Refeitos do susto, salvos por sermos seguidores não do xá, mas do rei do futebol, reclamei com Nasrin; podíamos ter sido brutalmente espancados. A dinâmica das ruas estava tomando um rumo agressivo e aquilo, insisti, não estava me cheirando bem. Ela não deu o braço a torcer. Aquilo fora um incidente de percurso; depois de tanta luta contra o arbítrio não havia espaço para o retrocesso.
Uma semana depois, deixamos Teerã. Continuei acompanhando a revolução iraniana à distância; a deposição dos primeiros líderes civis, a marginalização dos partidos laicos e o crescente poder do clero. Com o tempo vieram informações sobre a imposição de costumes fundamentalistas, censura à imprensa, prisões e até a tortura daqueles que discordavam do regime.
Perdi contato com Nasrin, até que, anos depois, encontrei casualmente um jornalista britânico que também estivera em Teerã naqueles dias. Ele havia voltado várias vezes ao Irã e me contou que Nasrin fora detida e levada até a penitenciária de Evin.
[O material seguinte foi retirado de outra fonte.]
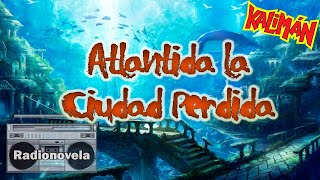 Capítulo 23  Atlantida la Ciudad Perdida  Radionovela [upl. by Neuburger]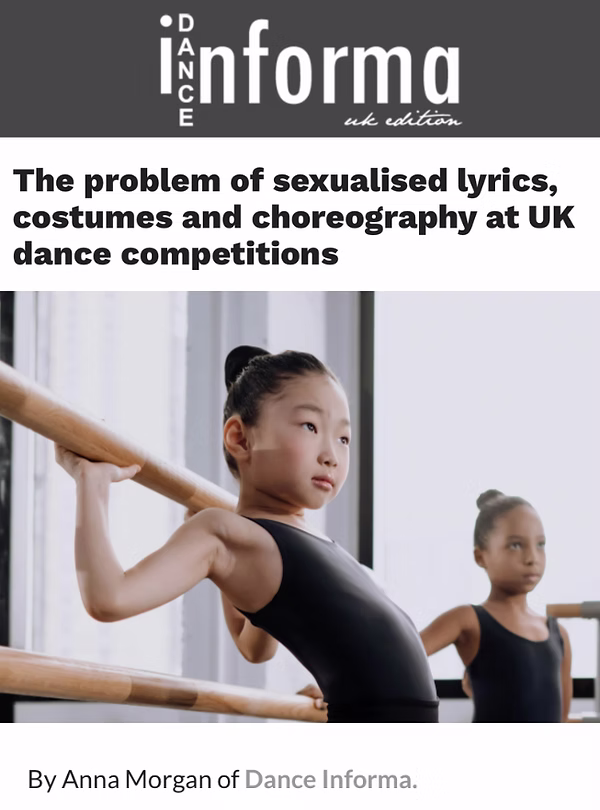 Dance Informa article: The problem of sexualised lyrics, costumes and choreography at UK dance competitions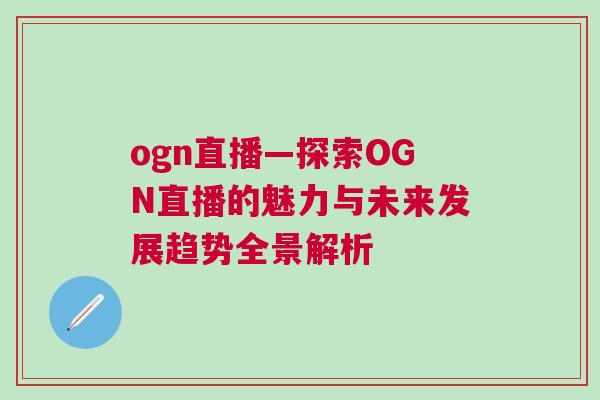 ogn直播—探索OGN直播的魅力與未來(lái)發(fā)展趨勢(shì)全景解析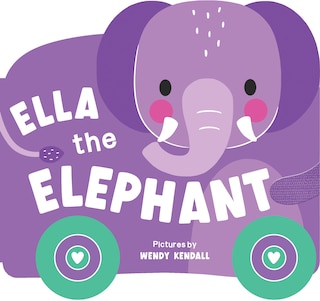 Front cover_Rolling Pals: Ella the Elephant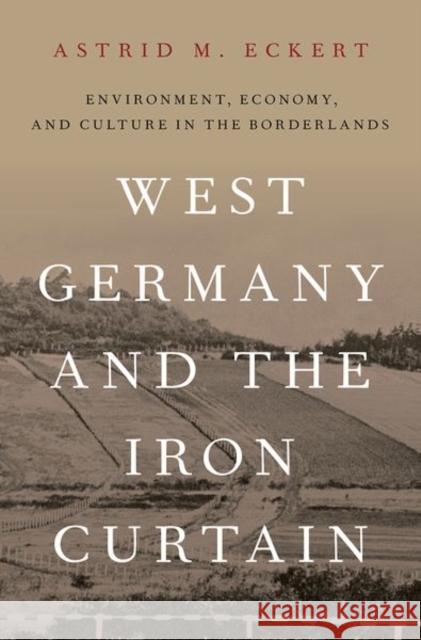 West Germany and the Iron Curtain: Environment, Economy, and Culture in the Borderlands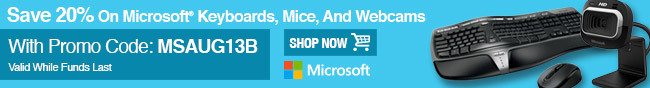 Save 20% On Microsoft Keyboards, Mice, And Webcams With Promo Code: MSAUG13B. Valid While Funds Last. SHOP NOW.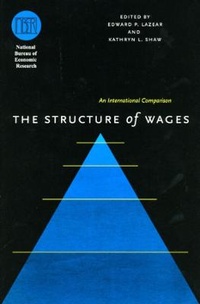 Enlarge image Cover: The Structure of Wages - University of Chicago Press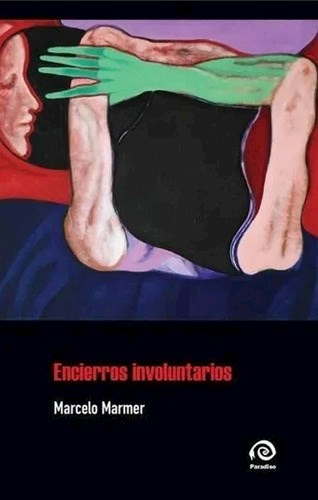 Encierros Involuntarios, De Marcelo Marmer. Editorial Fernando Cejas, Tapa Blanda En Español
Não foi acusada de um crime, mas, depois de alguns meses, sua família foi informada que ela havia morrido na prisão, de “causas naturais”.
Agora, três décadas depois, vejo jovens protestando nas ruas de países árabes e me pergunto: será que lutarão para se verem livres de governos corruptos e autoritários, para assistir à instalação de novas ditaduras fundamentalistas, ou será, como dizia Nasrin, que sou um estrangeiro e não entendo a revolução?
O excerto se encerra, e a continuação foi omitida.